Dijkstra solves the single-source shortest-path problem and is fast on sparse graphs, but it requires non-negative weights and gives paths from one source only. Running Dijkstra from every vertex costs about O(V·E·log V) with a heap, which beats Floyd-Warshall on large sparse graphs. Floyd-Warshall, with its flat O(V³) cost and tiny constant factors, is simpler to code and often wins on small or dense graphs and when you genuinely need all pairs.
How does it compare to Bellman-Ford?
Bellman-Ford is also single-source but, like Floyd-Warshall, accepts negative edges and can detect negative cycles. It runs in O(V·E) per source. If you need shortest paths from one origin in a graph with negative edges, Bellman-Ford is the natural choice; if you need every pair at once, Floyd-Warshall's three compact loops are usually easier and competitive on dense graphs.
What does ∞ (INF) mean in the distance matrix?
An entry of ∞ means there is currently no known path between those two vertices.
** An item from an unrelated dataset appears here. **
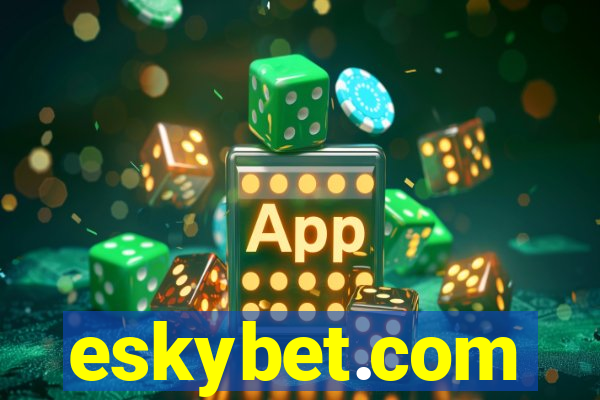 eskybet.com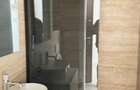 2 Camere I PIPERA I Rond Omv - 11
The diagonal dist[i][i] starts at 0 because the distance from a vertex to itself is zero. As the pivot advances, ∞ entries can become finite when an intermediate vertex links two previously disconnected nodes, which is exactly the matrix 'tightening' you see in the animation.
Where is Floyd-Warshall used in practice?
It is used for routing tables in small networks, computing the transitive closure of a relation, finding graph diameter and centrality, and solving all-pairs distance queries in maps, games, and operations research. A boolean variant computes reachability, and a max-min variant solves widest-path or bottleneck problems by swapping the min/plus operations for max/min.